YARGITAY KARARI
DAİRE : 22. Hukuk Dairesi
ESAS NO : 2012/11548
KARAR NO : 2012/20094
KARAR TARİHİ : 27.09.2012
MAHKEMESİ :İş Mahkemesi
DAVA : Davacı, feshin geçersizliğine ve işe iadesine karar verilmesini istemiştir.
Mahkeme, isteği kısmen hüküm altına almıştır.
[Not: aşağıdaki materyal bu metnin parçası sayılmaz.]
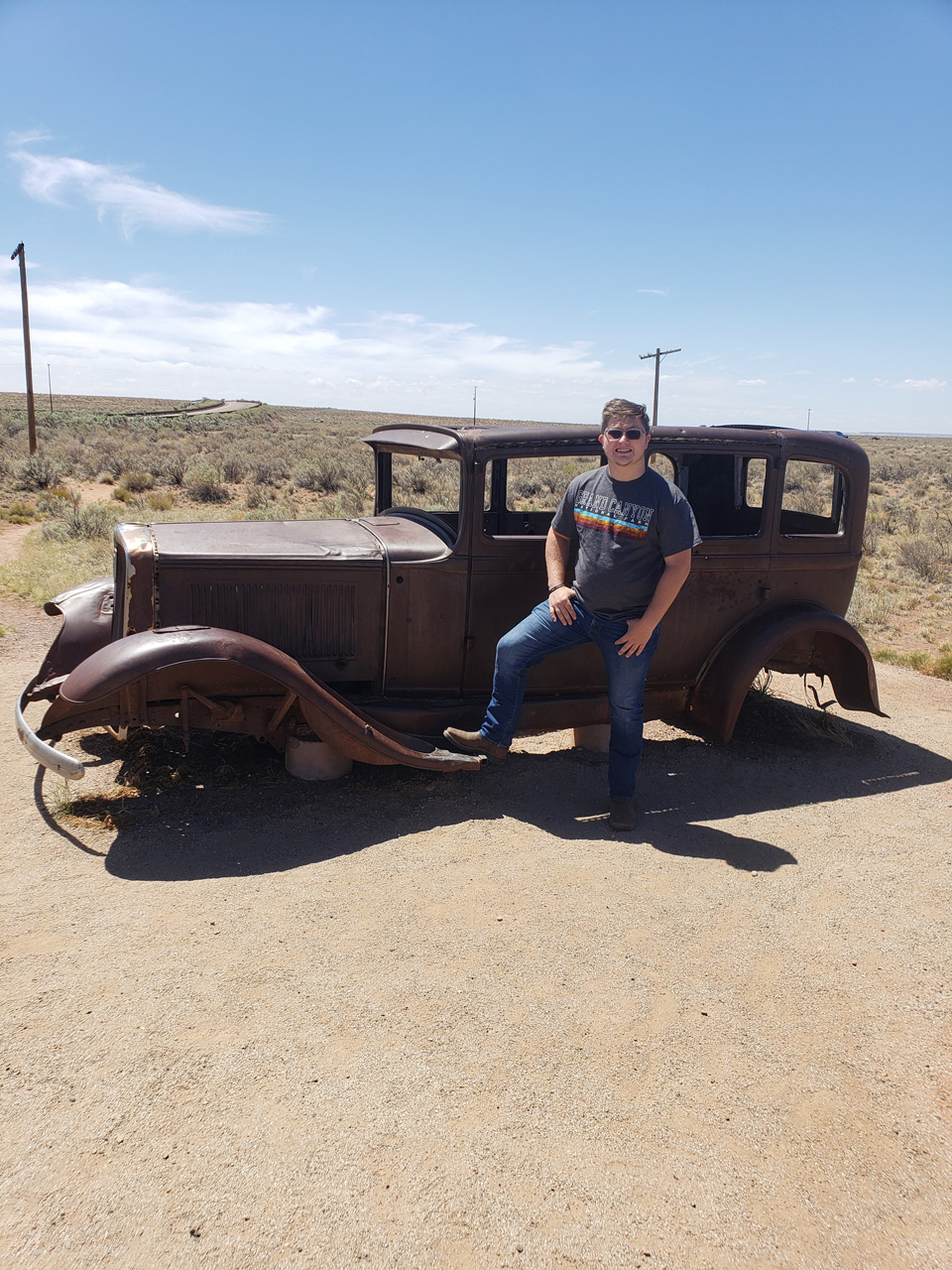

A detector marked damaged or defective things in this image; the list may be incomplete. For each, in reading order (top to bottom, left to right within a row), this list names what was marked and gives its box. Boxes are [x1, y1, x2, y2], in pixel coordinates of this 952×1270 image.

rusted vintage car [15, 421, 889, 777]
Hüküm süresi içinde davalı avukatı tarafından temyiz edilmiş olmakla, dava dosyası için Tetkik Hakimi … tarafından düzenlenen rapor dinlendikten sonra dosya incelendi, gereği konuşulup düşünüldü:
Y A R G I T A Y K A R A R I
Davacı vekili, davacının davalı şirkette idari amir yardımcısı olarak çalıştığını, 04.08.2011 tarihinde davacıdan personele ramazan yardımı olarak dağıtılan hediye alışveriş çekinin miktarının az olduğundan çalışanları tahrik ederek iade etmeleri, 05.08.2011 tarihinde çalışma düzenine uymama, huzursuzluk çıkarma, çalışma arkadaşlarıyla sürekli tartışma çıkarma, çeşitli kişiler hakkında dedikodular üretmek konularında savunma alındığını, davacıdan önce istifa istendiğini, cebir ve tehditle alınan istifanın işleme konmadığını, haklı ve geçerli sebep olmaksızın iş sözleşmesinin fesh edildiğini belirterek feshin geçersizliğine ve davacının işe iadesi ile davalı işverenin işe başlatmama durumuna ilişkin alacaklarının belirlenmesini talep etmiştir.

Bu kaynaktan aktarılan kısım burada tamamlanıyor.